We already tune this hyperparameter and only store the best model according to validation as fit_obj and report the chosen time cutoff as time_cutoff attribute in it.

val_error_fun

Function to calculate the error of validated predictions. For its interface, see val_error_fun_prototype().

hyperparams

list. Optional arguments passed to fitter, e.g. alpha in case of an elastic net.

include_from_continuous_pheno

vector of strings. The names of the continuous variables in the pheno data (to be) included in the predictor matrix. Default is NULL, which means no continuous pheno variables are or will be included.

include_from_discrete_pheno

vector of strings. The names of the discrete variables in the pheno data (to be) included in the predictor matrix. A discrete variable with n levels will be dichotomized into n-1 binary dummy variables. Default is NULL, which means no discrete pheno variables are or will be included.

include_expr

logical. Whether to include the expression data in the predictor matrix.

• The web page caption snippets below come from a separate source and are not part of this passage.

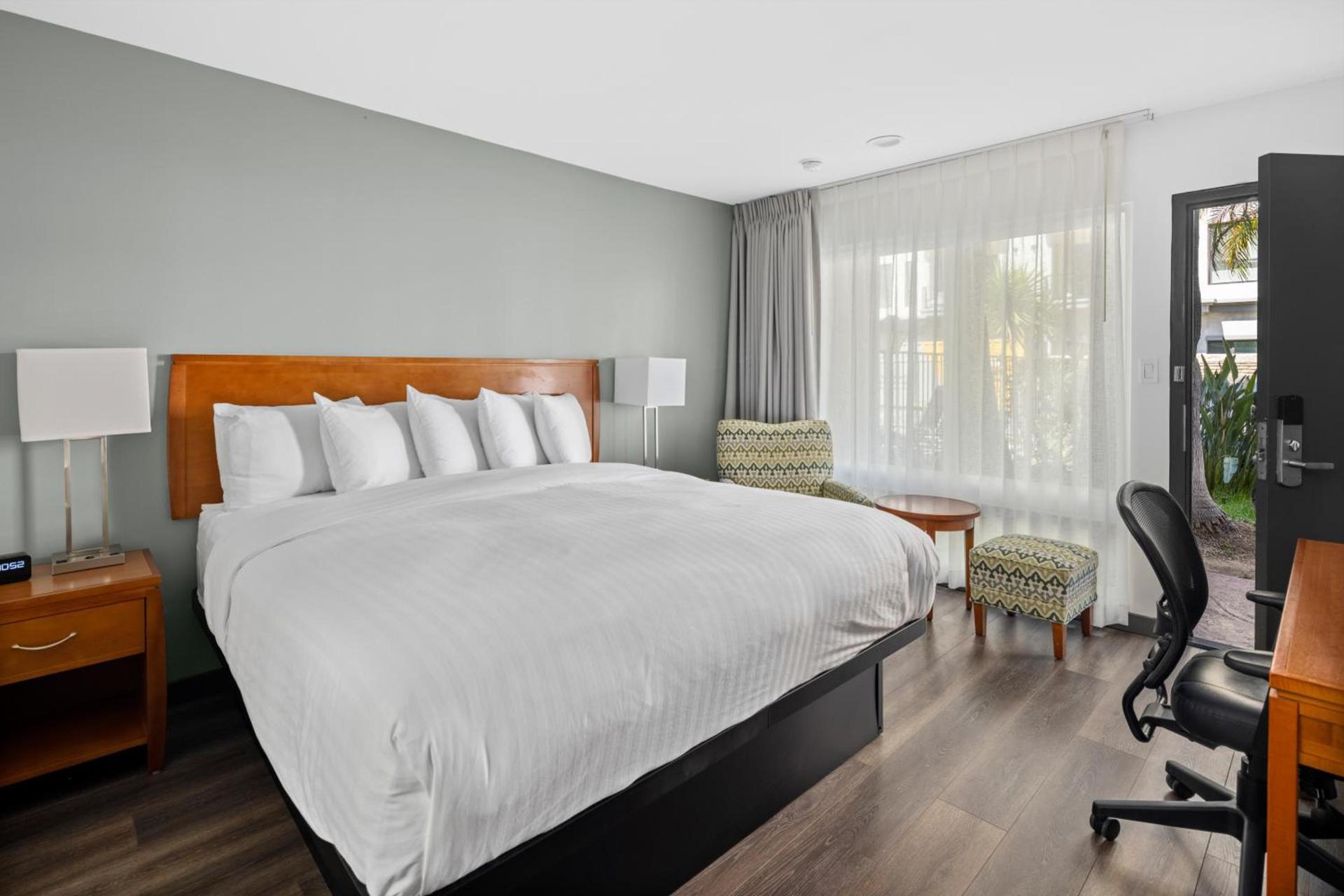 Vagabond Inn Glendale photo 17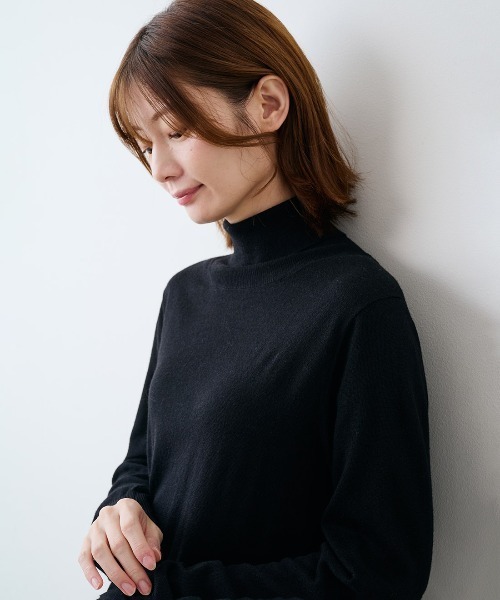 IEDIT（イディット）の「ＩＥＤＩＴ　うっとりする肌心地と絶妙ゆるフィットにこだわったシルク混タートルニット（ニット/セーター・レディース・グレー/ブラック/アイボリー・M/L/LL/3L/S/4L）」の2枚目の写真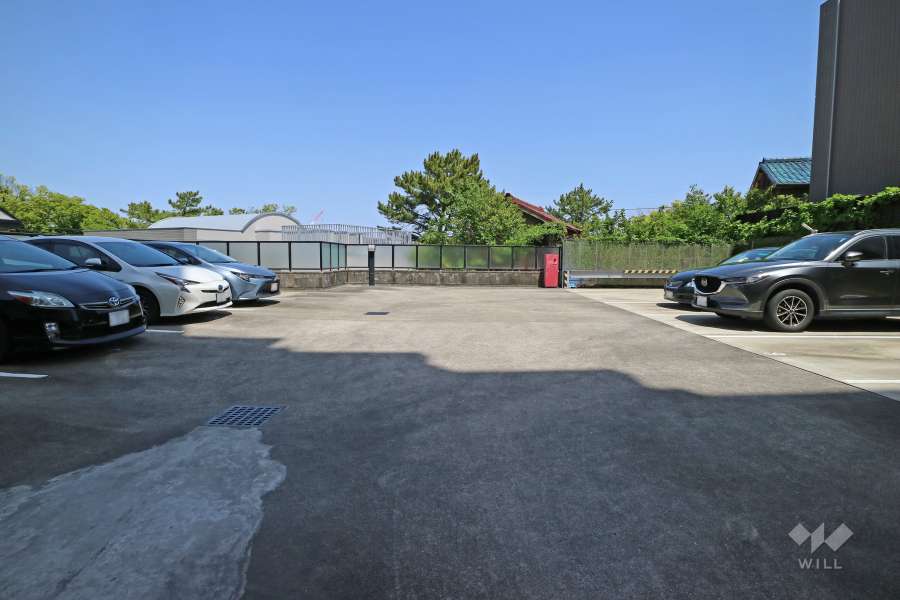敷地内駐車場（屋外平面式）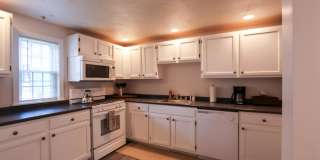 25 Jay St Gallery 10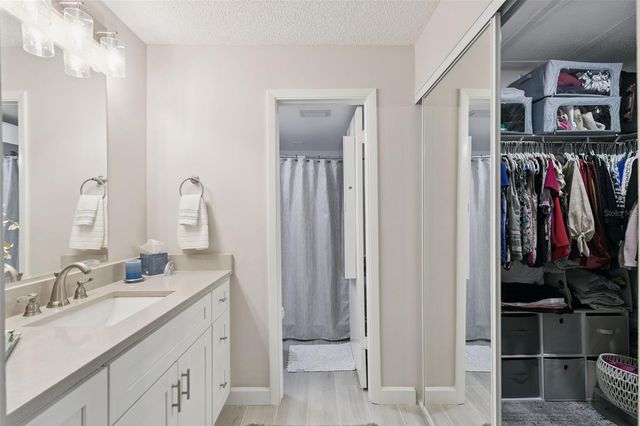 16 ESCONDIDO CIRCLE 221, Altamonte Springs, FL 32701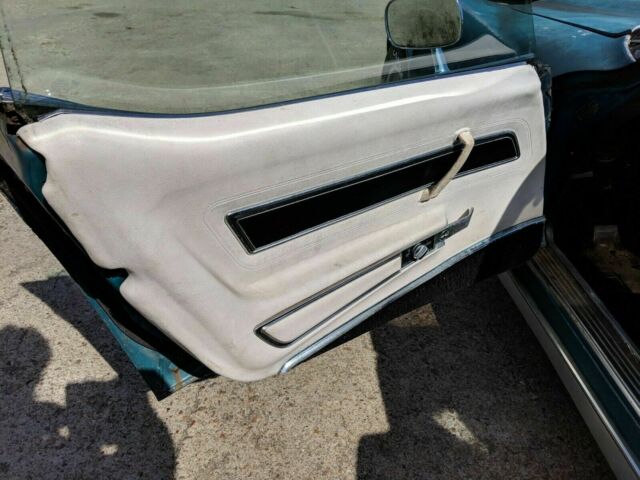 1977 Teal Chevrolet Corvette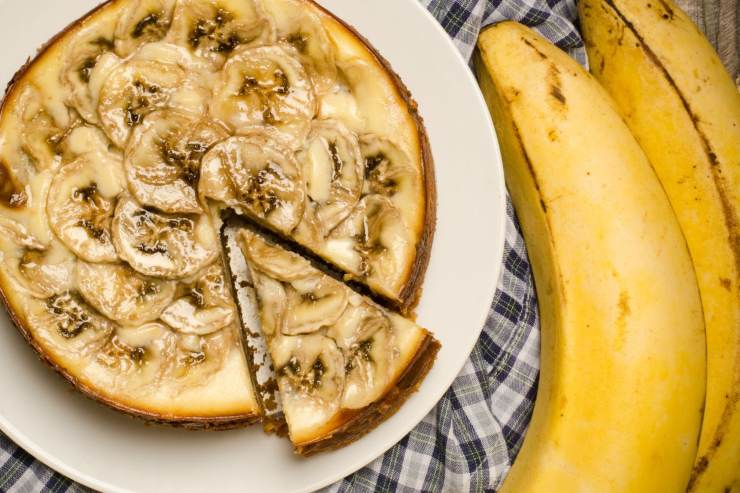 Cheesecake alla banana al forno su un piatto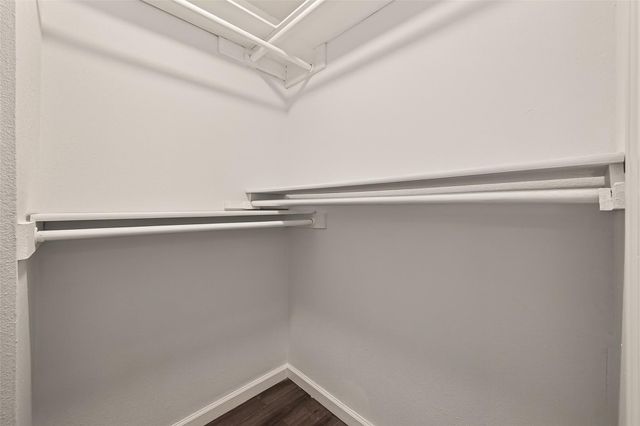 1814 Eagle Point Road, Crosby, TX 77532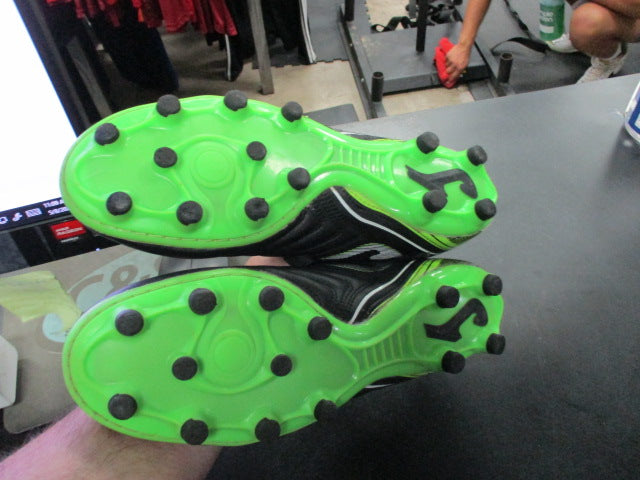 Load image into Gallery viewer, Used Joma Agulia Soccer Cleats Size 7
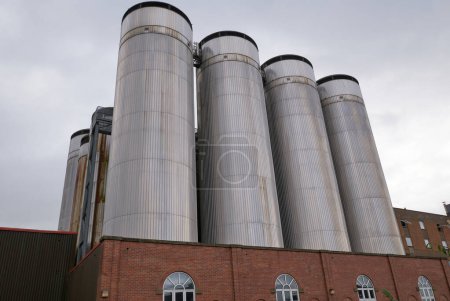 Téléchargez les photos : UK based brewing company premises - en image libre de droit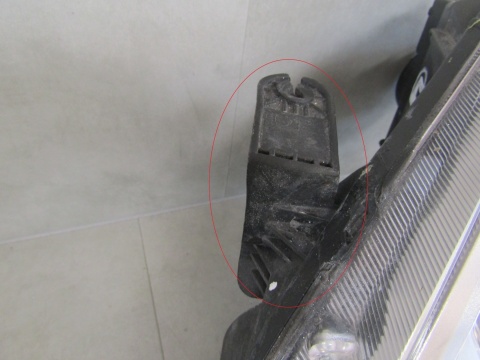 Lampa przód Ssangyong Rexton LIFT ZWYKŁA 06-12 LH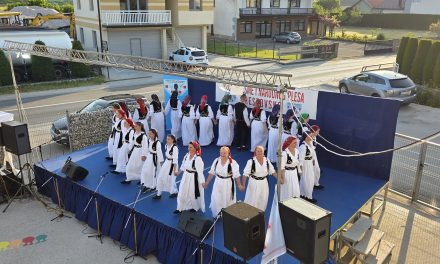 ODRŽANA MANIFESTACIJA „VEČER PJESME I NARODNOG PLESA“ U BRESTOVSKOM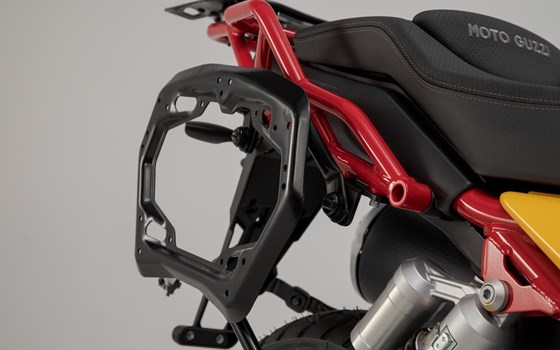 PRO Seitenträger. Schwarz. Moto Guzzi V85 TT (19-23). - Bild 4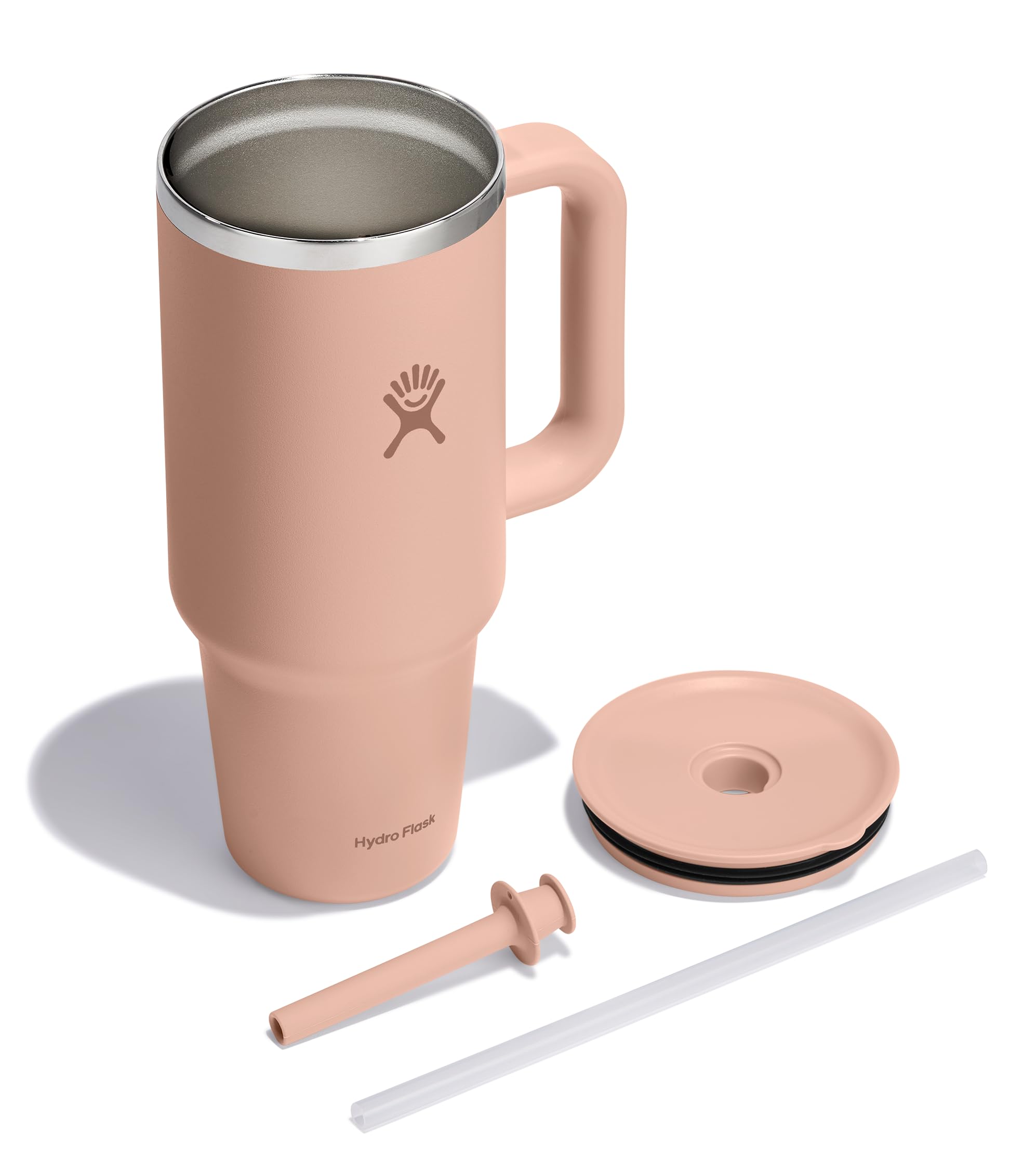 Hydro Flask en situation dans porte-gobelet de voiture facilitant transport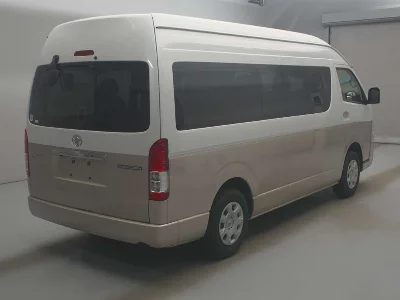 Toyota HIACE WAGON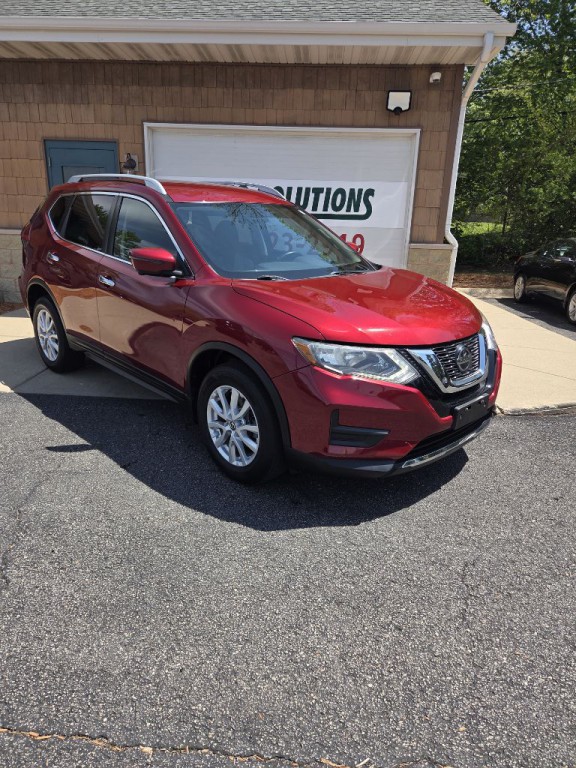 2018 Nissan Rogue Image 1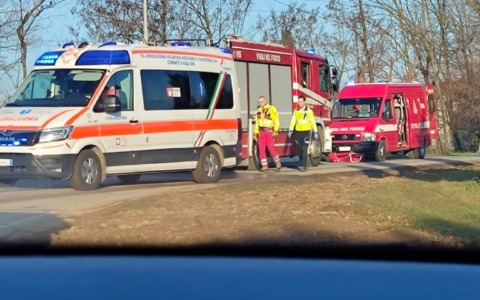 Tragedia all’alba: auto fuori strada, trovato morto il conducente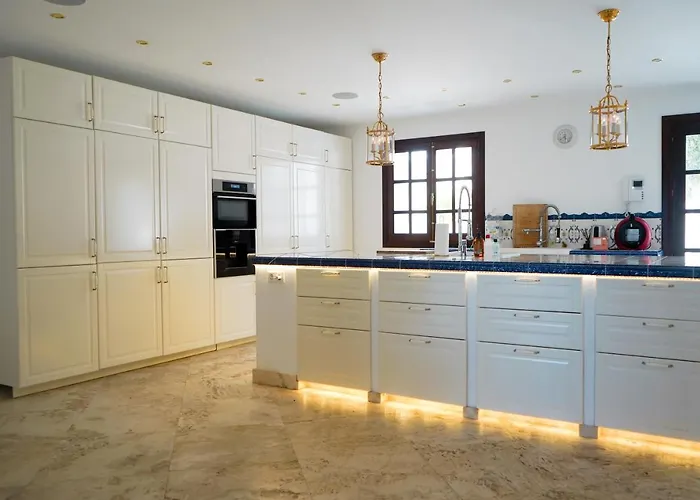 Huge Golf And Mansion 8 Min From Puerto Banus 펜션 *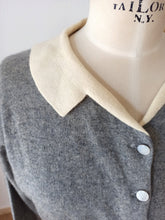 Charger l'image dans la galerie, 1950s - BONWIT - PRINGLE, Scotland - Gorgeous Cashmere Cardigan - Sz 40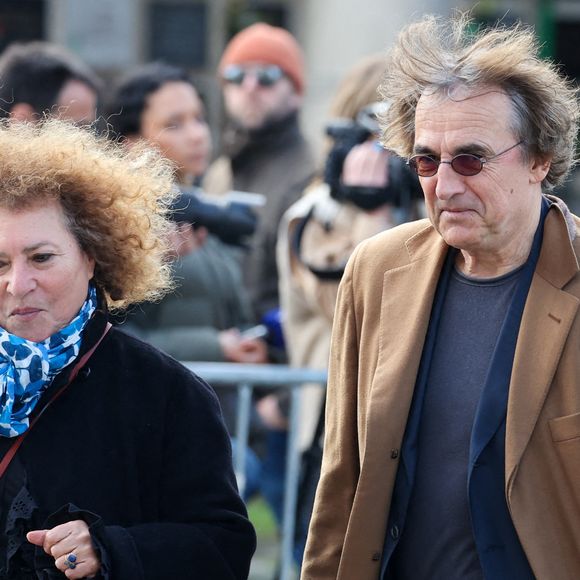 Jamila Ouzahir et Albert Dupontel aux arrivées des obsèques d'Emilie Dequenne au cimetière Père Lachaise à Paris, France, le 26 mars 2025. © Dominique Jacovides/Bestimage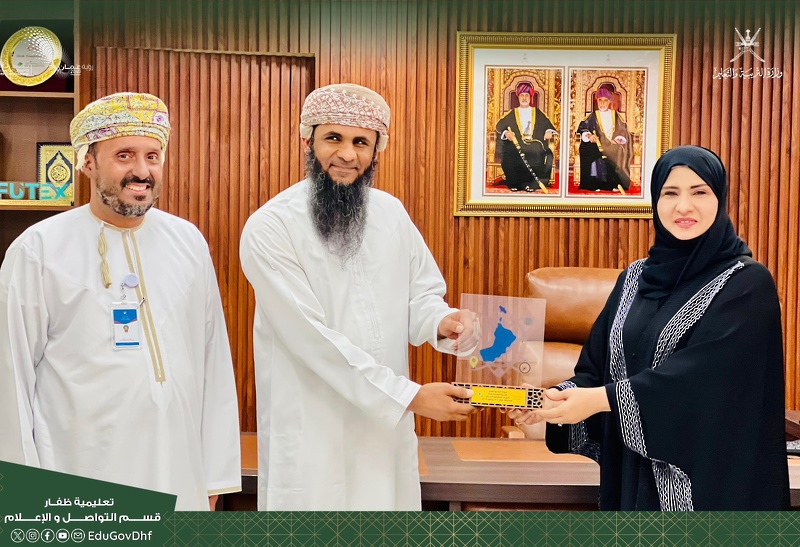 ممثلي وفود الفرق الفرعية الزائرة لتعليمية ظفار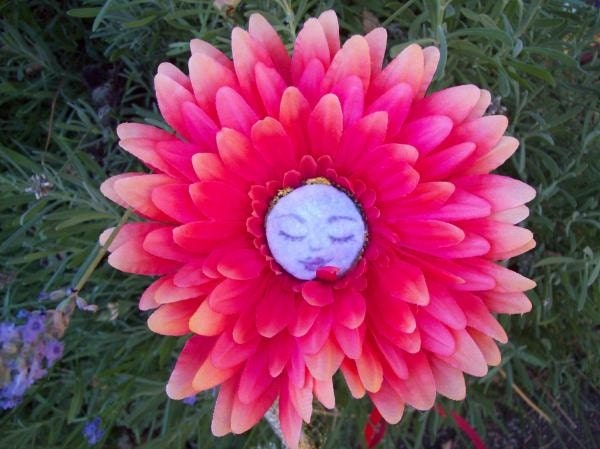 Giant Flower Fairy Wands-Gerbera Daisy-Alice's Talking Flowers-Costume-Faeryspell Creations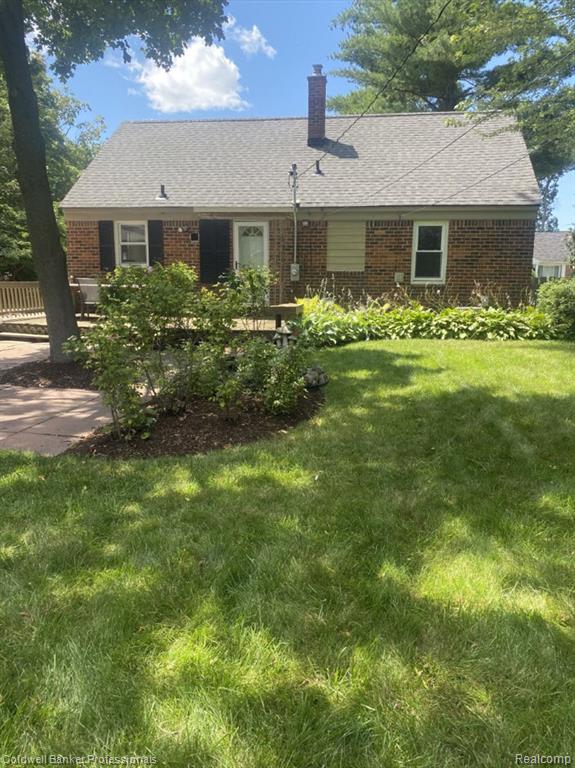 1921 Beverly Street, Sylvan Lake, MI 48320 — Photo 3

combine_n_max_categorical_features

integer. Maximum number of categorical features to combine in predicting features.

combined_feature_min_positive_ratio

numeric. Minimum ratio of positive observations in a combined (categorical) feature. This attribute together with combine_n_max_categorical_features governs which combined categorical features the predictor matrix will contain: add a combination of the levels of distinct categorical features to the predictor matrix after imputation if at most combine_n_max_categorical_features are involved in the combination and if the combination is (expected to be) there in at least combined_feature_min_positive_ratio of the samples.

enable_imputation

logical. If FALSE, it overrides the imputer attribute of the Data object and we do not impute.

file

string. The name of the model-fit_obj file inside directory. Default is "fit_obj.rds".

create_directory

logical. Whether to create directory if it does not exist, yet. Default is TRUE.

li_var_suffix

string. Append this to the names of features from the pheno data when adding them to the predictor matrix. Default is "++".

Returns

A Model R6 object.


Method fit()

Fit the model to a data set, validate it and tune hyperparameters.

Usage

Model$fit(data, update_model_shell = FALSE, quiet = FALSE, msg_prefix = "")

Arguments

data

Data object. Read it in if needed.

update_model_shell

logical. If TRUE and we find a stored model with fit_obj not being NULL, we set the fit_obj attribute of the model to the found fit_obj and save it. This way, we can keep stored Models up-to-date with changes in the Model class.

quiet

logical. Whether to suppress messages. Default is FALSE.

msg_prefix

string. Prefix for messages. Default is "".

Returns

The Model object itself with the fit_obj attribute set to the object tuned over time_cutoffs, combine_n_max_categorical_features and hyperparams.


Method predict()

Predict for a data set.

Usage

Model$predict(data, quiet = FALSE)

Arguments

data

Data object. Specifications on the data. Read it in if needed.

quiet

logical. Whether to suppress messages. Default is FALSE.

Returns

A named list of length 3:

  • "predicted": named numeric vector with predicted response,

  • "actual": named numeric vector with actual response,

  • "cox_mat": named matrix with columns "time_to_event", "event", "hazard", where hazard again is the predicted response. This matrix is helpful to calculate hazard ratios or logrank p-values.


Method clone()

The objects of this class are cloneable with this method.

Usage

Model$clone(deep = FALSE)

Arguments

deep

Whether to make a deep clone.